Giulia Mattoni, an Italian Translation Technology student from DCU talks about her experience using Machine Translation for evaluating player support content localization. Giulia’s fascinating view illustrates why this area needs further research, and how she used KantanMT to evaluate MT and post-editing for this type content.
What made you decide to evaluate MT and Post-editing in game localization?
During my Master’s in Translation Technology I extensively studied about Machine Translation developments, its potential and its most recent deployments. Among the domains in which MT is applied, Game Localization appeared to be one of the least discussed topics, providing me with ample scope for research.
Although it is true that ‘transcreation’ is a keyword in game localization, there are repetitive strings in some game assets, which could be translated faster with the aid of Machine Translation. Therefore, the objective of my research was to demonstrate that by leveraging and properly implementing Machine Translation technology would be beneficial in game localization and led to reduction in the translator’s workload. Ideally, this could be achieved while maintaining the same high quality as translating with traditional methods.
Can you tell us a little about how you built your KantanMT engine?
Initially, the training data used to build the engine was provided by the industrial partner [Company A]* in Dublin, a technical service provider to the Video Game Industry. This data consisted of two Translation Memories (TMs) and a glossary relating to the game ‘.’ The training data needed to undergo extensive pre-processing, to be suitable for building the engine.

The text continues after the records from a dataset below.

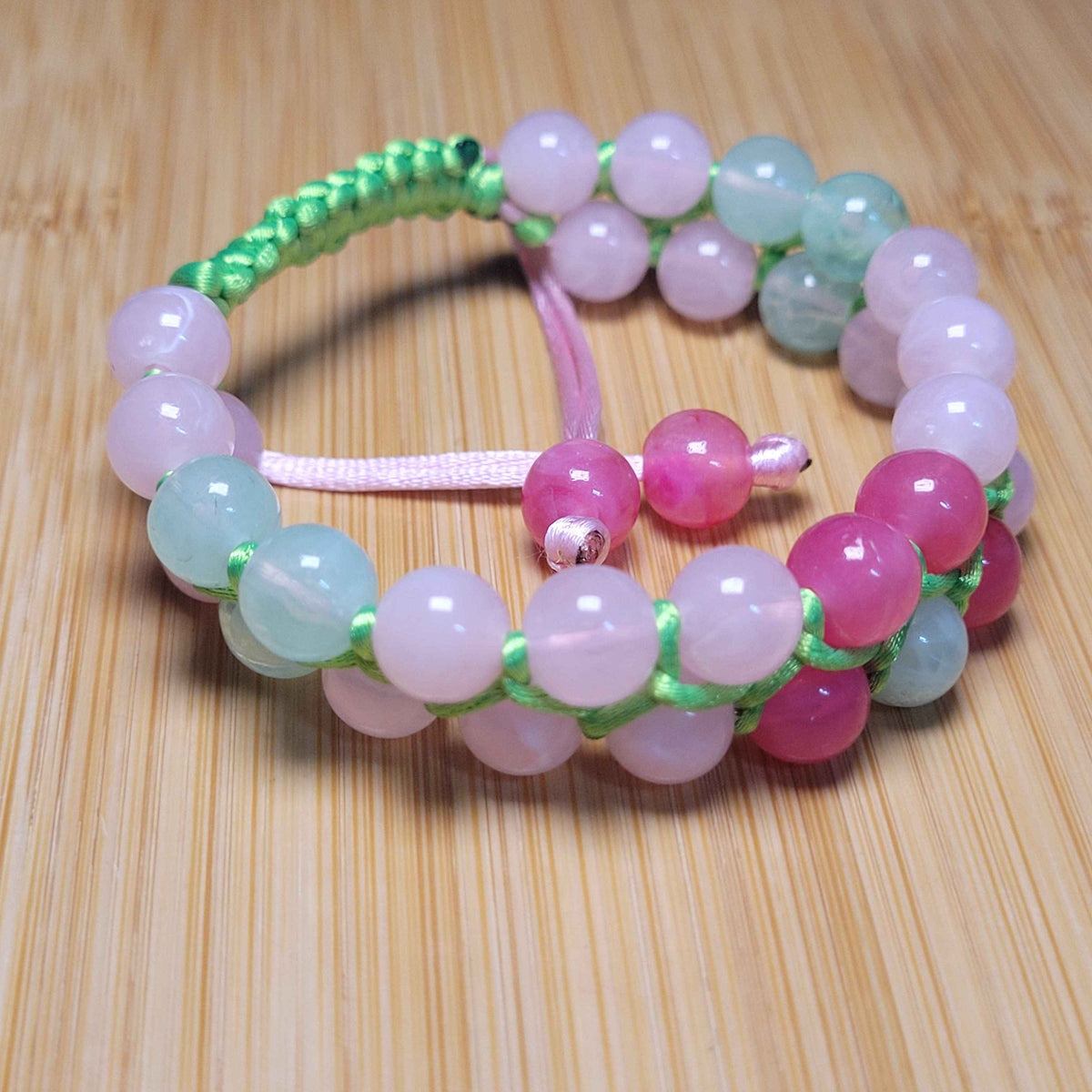 Pink Fairy Adjustable Double Row Bead Bracelet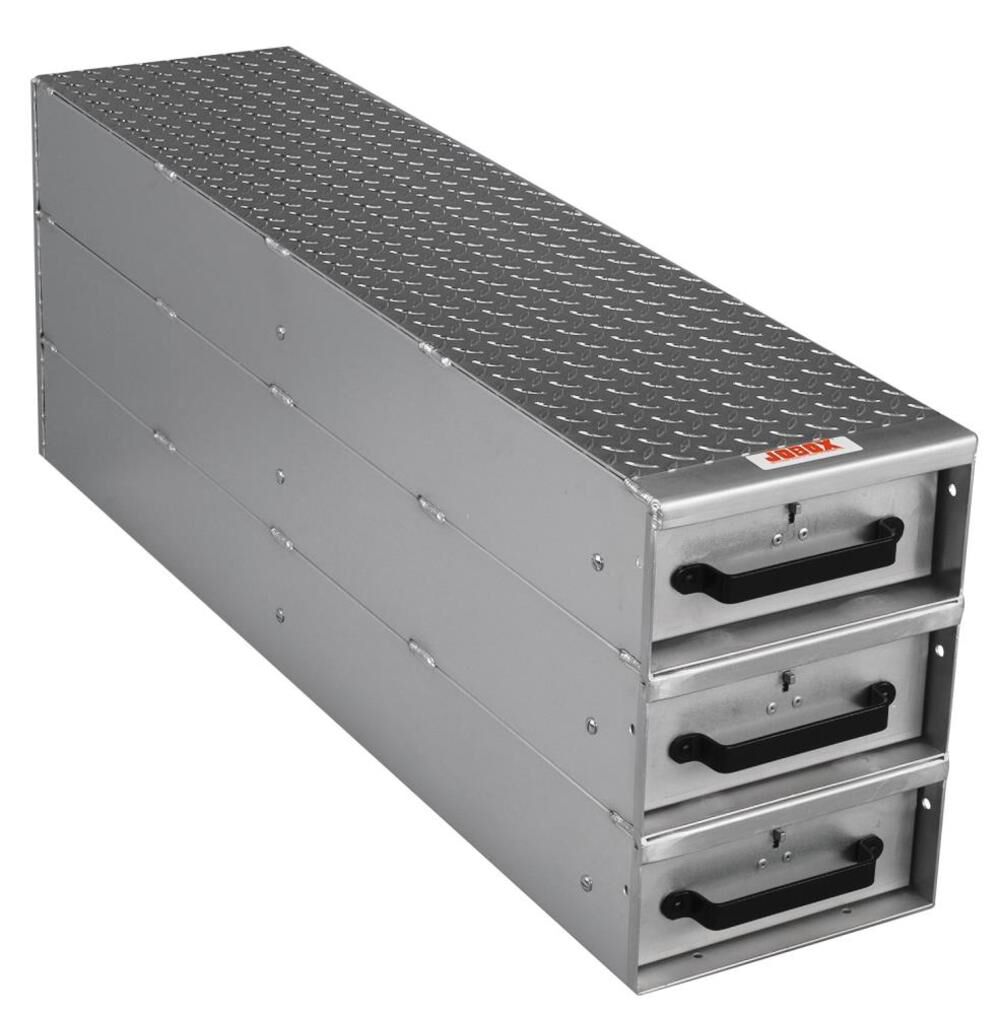 Crescent JOBOX 3 Drawer Long Stacked Heavy-Duty Aluminum Drawer Storage 12inW x 18inH x 50inL, large image number 1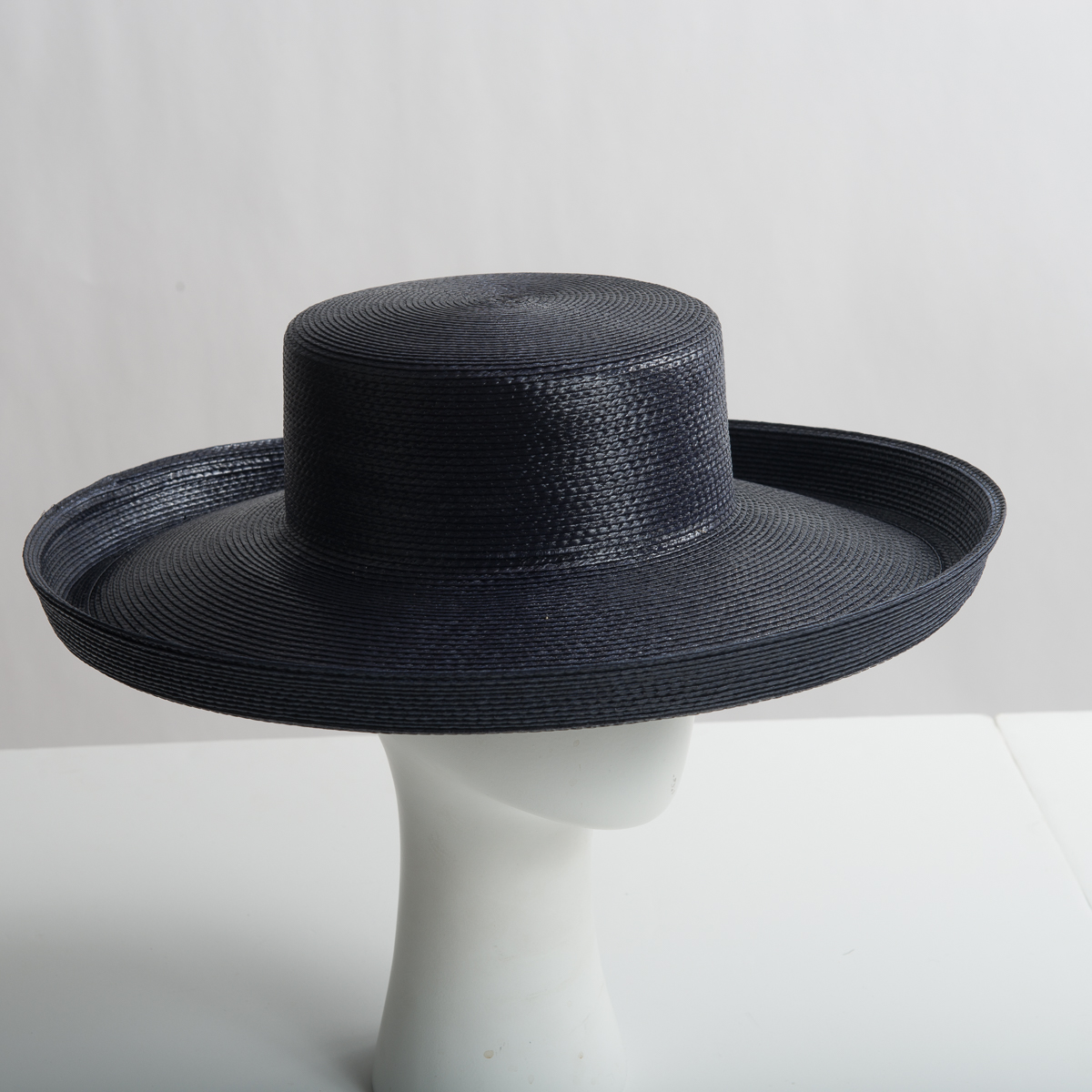 Navy Medium Brim Blocked Untrimmed Poly Straw Hat Base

This process mainly involved eliminating duplicates, deleting external and inner tags, correction of misalignments, splitting up of long segments and deletion of empty entries. As cleaning the data resulted in a considerable reduction in the TM size, I needed to include more training data. So, to increase the word count and build a good quality MT engine, I used the stock training data from KantanLibrary™, which I found was essential to the process of improving my engine quality.
The first TM added included content from the support portals of different applications and software solutions, while the second one was a cleansed TM from the European Commission’s DGT. Although not gaming-related, these TMs were considered the most pertinent because of the technical nature of the content, in line with player support texts that are included in the research.
As a further intervention, monolingual training data was added: I downloaded and cleaned monolingual texts from [Game] official web page. Finally, after checking KantanMT’s Gap Analysis feature, I uploaded a file containing non-translatable assets.
What type of texts did you use for the translation tasks and why?
The English source texts, made available by [Company B], were player support assets from [Game]. It is comprised of procedures and instructions given by the game’s support team in order to respond to any queries on how to solve problems, articles containing explanations of new features of the game, and reports on bugs solved.
The MT tool is particularly efficient when addressing repetitive vocabulary, structured content and predictable syntax of repetitive texts, and this aids translation of strings containing context-free and repetitive assets of the video games. Considering this, and in the light of player support texts characteristics, i.e. short segmentation and repetitiveness of the content, this asset was considered suitable for machine translation.
Can you describe your evaluation techniques?
In order to assess the quality of the MT output, I used both a quantitative and qualitative method. Firstly, I considered the temporal effort by measuring and comparing the time needed for human translation of the source sample text, and post-editing of the Machine Translated version.
Secondly, a qualitative evaluation comprising of error annotation, direct judgments and rating was performed using KantanLQR. KantanLQR is a highly adaptable language quality review tool, which helps streamline and automate the review process.
Participants were asked to select the typology of error encountered within the target text, from a drop-down menu in order to provide insight into the nature of the errors, and to rate each segment’s adequacy and fluency, on a scale of 1 to 5. Finally, a post-task questionnaire was used to collect the reviewer’s feedback.
What were your conclusions and were there any surprises?
Temporal data suggested that post-editing of raw Machine Translated output of player support assets was faster than translating from scratch. In terms of time saving, post-editing produced a productivity gain of 59.7%. However, the results of the LQR process showed that that improvements in the MT engine were needed.
I wouldn’t say this result was a surprise since the need of further in-domain monolingual data, terminology, and especially larger translation memories strictly relating to [Game] was evident while training the MT engine. This type of data would have produced a better engine than using bilingual training data taken from support portals for applications and software solutions and DGT archives.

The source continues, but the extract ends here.